Мария взмахивает руками, что-то громко восклицает, приглашая нас выпить кофе, поощрительно поглаживает меня по плечу: 
     - Ортодокса? 
     - Ортодокса...- отвечаю я. 
     Вот мы и знакомы, потом я буду приветствовать ее у этих ворот, а она неизменно спрашивать: «Кала истэ?» - то есть, все ли у меня хорошо. 

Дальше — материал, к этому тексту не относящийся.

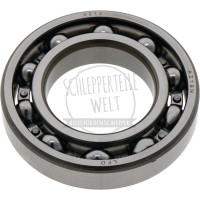 Lager Achswelle innen für McCormick / IHC 323 423 533 833 D 322 D 430 D 439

     Симеон принял на себя мой багаж и груз забот по моему поселению. Он вышел в рясе, камилавке и, утомленный начинающейся жарой, присаживается на ступеньку посередине спуска: 
     - Отсюда виден монастырь Зоодохос Пиги - Живоносный источник. Там три старых монахини живут... 
     Напротив возвышается другая гора, чуть пониже, на ее верху обведен белой стеной монастырь пророка Илии. Дорога между горами ведет к женскому монастырю Евангелизмос - Благовещения, - куда мы и держим путь. 
     Диакон показывает еще восемь базилик по склонам, каменных, побеленных, с полуовальными сводами и деревьями в оградах. Называет каждую по имени, и явно доволен тем, что их так много и все видны сразу. С любой точки острова можно видеть несколько церквей, - на Патмосе их больше, чем дней в году. Часто церкви строятся по обету: например, моряки обещают построить ее святителю Николаю, если он сохранит их на море. А многие жители острова в молодости были моряками, пока оставалась надежда поймать за морем счастье. 
     Я смотрю на монастырек пророка Илии, на эти часовни, на поставленные в круг по скошенному полю скирды. Невдалеке по зеленой поляне бродят лошади, отгоняя хвостами слепней. Привязанный к разросшемуся кактусу ослик обреченно стоит на солнцепеке с открытыми неподвижными глазами, как будто всем своим видом говоря: «Такая у меня грустная участь, - что поделаешь, я уж смирился...» 
     Стадо коз, коричневых с белым, резво поднимается по ступеням. Пастух останавливается, приветствуя нас, козы блеют и встают на задние ноги, спеша обглодать ветки деревца. На шее у каждой козы болтается колокольчик, иногда размером с литровую банку, и все они вразнобой издают веселый медный звон. 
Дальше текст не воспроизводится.